Civil society groups are mobilizing pressure, including public protests, on the OHR to extend the mandates. Other commentators see the OHR as more of a problem than a solution:

According to some international observers, the major issue however is not the ineffectiveness and self-imposed paralysis of Bosnian institutions, but the continued, counterproductive international tutelage of the country. The U.N. high representative has significant powers in the political process, including the power to remove elected officials, and to veto legislation adopted by Bosnian legislative bodies.

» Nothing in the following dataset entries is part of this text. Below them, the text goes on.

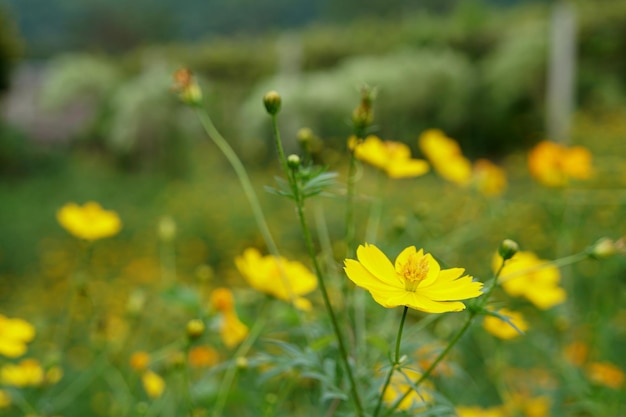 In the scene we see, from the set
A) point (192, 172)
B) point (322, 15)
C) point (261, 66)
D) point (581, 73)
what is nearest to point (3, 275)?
point (192, 172)

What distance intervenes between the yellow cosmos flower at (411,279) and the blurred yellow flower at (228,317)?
0.24 m

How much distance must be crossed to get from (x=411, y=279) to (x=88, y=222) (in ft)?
1.61

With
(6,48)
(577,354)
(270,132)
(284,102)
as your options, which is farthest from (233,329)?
(6,48)

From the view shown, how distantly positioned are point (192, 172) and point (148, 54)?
2342 millimetres

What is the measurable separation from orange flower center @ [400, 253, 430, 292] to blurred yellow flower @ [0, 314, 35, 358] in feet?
1.13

The current crisis follows the failed application of two standard toolboxes for democratizing and state building, writes Bodo Weber, a Berlin-based associate of the Democratization Policy Council – picking individuals rather than building institutions and relying on the incentives of EU accession:  

The first one consisted of identifying pro-democratic political forces, parties and leaders as the partners to bring into power for transforming the country from top-down. A more systemic approach would be built on the recognition that for structural reasons all major political actors are part of the problem, not of the solution, and that it is necessary to both transform the given institutional framework of political action and the actors.

The second standard toolbox was EU integration:

The problem is not the goal itself:  EU integration is, in fact, the only reasonable end for Bosnia’s transformation towards a democratic and stable sovereign state.  Yet it is not a sufficient means to get there, given Bosnia’s specific political environment.  It assumes the existence of democratic partners that are willing to do the political heavy-lifting to join the club.  This is hardly evident in Bosnia.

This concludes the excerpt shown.